Basica usage is very simple, as shown in demo.py:
import FindDuplicateFiles
Folders_to_scan=[r"c:\dcim\photos1", r"c:\dcim\photos2", r"c:\dcim\photos3"]
cfg=FindDuplicateFiles.SearchConfig()
results=FindDuplicateFiles.FindDuplicateFiles(Folders_to_scan, cfg)
for group in results: #print out the results
print(f"length={group.length} MD5={group.md5_hash}")
for f in group.filenames:
print(" ",f)
FindDuplicateFiles.FindDuplicateFiles() is the main function, it takes a list of one or more folder paths as input, and returns a list of FileGroup objects. Each FileGroup contains paths of multiple files that have the same file length and MD5 signature (optional):
class FileGroup:
# a FileGroup contains two or more files that have the same length and MD5 hash
def __init__(self,length:int=0,md5_hash:str=''):
self.length = length # file length
self.md5_hash = md5_hash # file MD5 hash, optional, '' if not computed
self.filenames = [] # a list of filenames
You can control how FindDuplicateFiles.FindDuplicateFiles() behaves by using a FDFConfig object, which has the following data members:
- ignoreSmallerThan (int): Ignore files smaller than this. Default is 0.

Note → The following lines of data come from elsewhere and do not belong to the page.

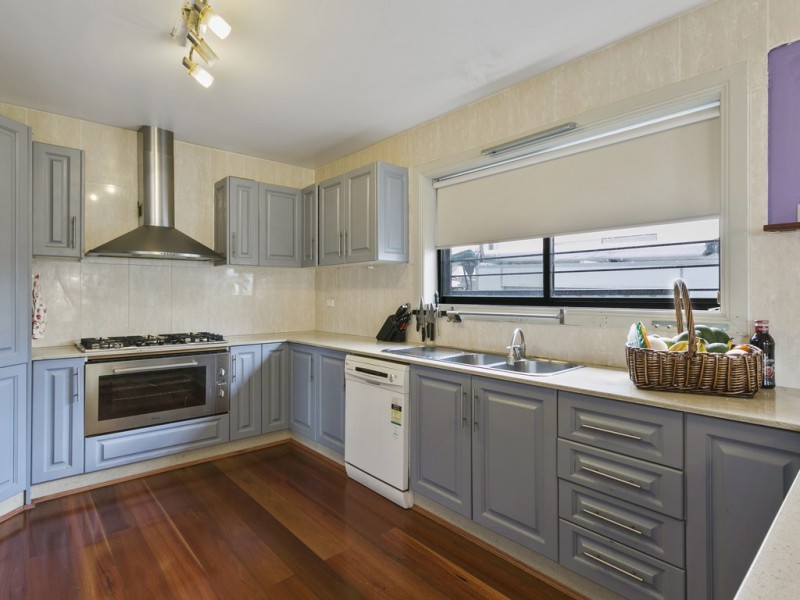 44 Viola Street, Punchbowl NSW 2196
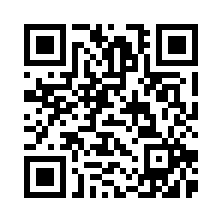 QR Code for 3PaebNGUg3FMPDSCfvu3i2mN6ozmvWvzQm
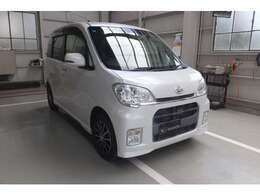 パールホワイト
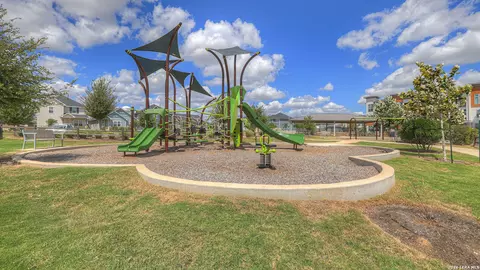 View/Area - 100 Milo Knox Dr, Kyle, TX 78640 photo 2 of 3
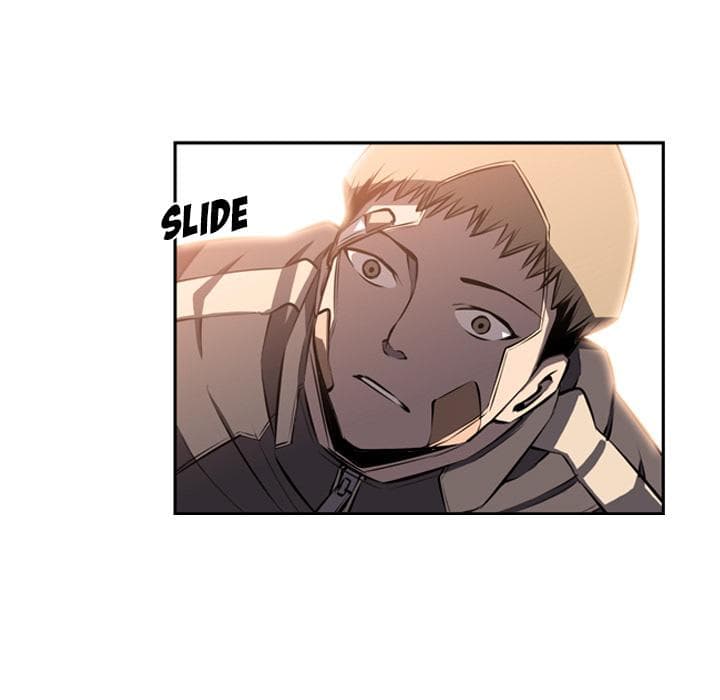 SuperNova page 85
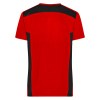 T-shirt de travail Homme Daiber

- ignoreBiggerThan (int): Ignore files bigger than this. Default is -1, meaning no upper limit.
- dontHashIfBiggerThan (int): Don't compute MD5 hash if file is bigger than this size, default is 256 MB. This is to let you skip hashing big files and check them manually.
- hashFile(bool): Set this to False to skip MD5 hashing entirely, files will be grouped by file length only. Default is True.
- hashReadBufferKB(int): read buffer size in KB when computing MD5 hash. Default is 1024.
for example:
cfg=FindDuplicateFiles.SearchConfig()
cfg.ignoreSmallerThan=10*1024 #ignore files smaller than 10 KB
cfg.ignoreBiggerThan=1024*1024*1024 #ignore files bigger than 1 GB
cfg.dontHashIfBiggerThan=512*1024*1024 #don't compute MD5 for files bigger than 512 MB
#cfg.hashFile=False #set to False to skip MD5 hashing for all files
results=FindDuplicateFiles.FindDuplicateFiles(Folders_to_scan, cfg)
Run "python demo_gui.py" from project directory. It still does the file scanning and grouping in the console, but after that is finished, it will shows a simple GUI that let you:
- Open files using system's default applications for file types.
- Select and delete files.
GUI is written in HTML & javascript. Web-to-python interface is done using the Eel library.
FindDuplicateFiles.FindDuplicateFiles() scans its input folder(s) and builds a list of all files found, it then groups them by file length. Groups that have only one file in them are discarded since no duplicate is possible. The remaining groups are further grouped by file's MD5 signature, unless the hashFile configuration parameter is set to False. Again, group that have only one file in them are discarded. The groups that still remain are returned to the caller.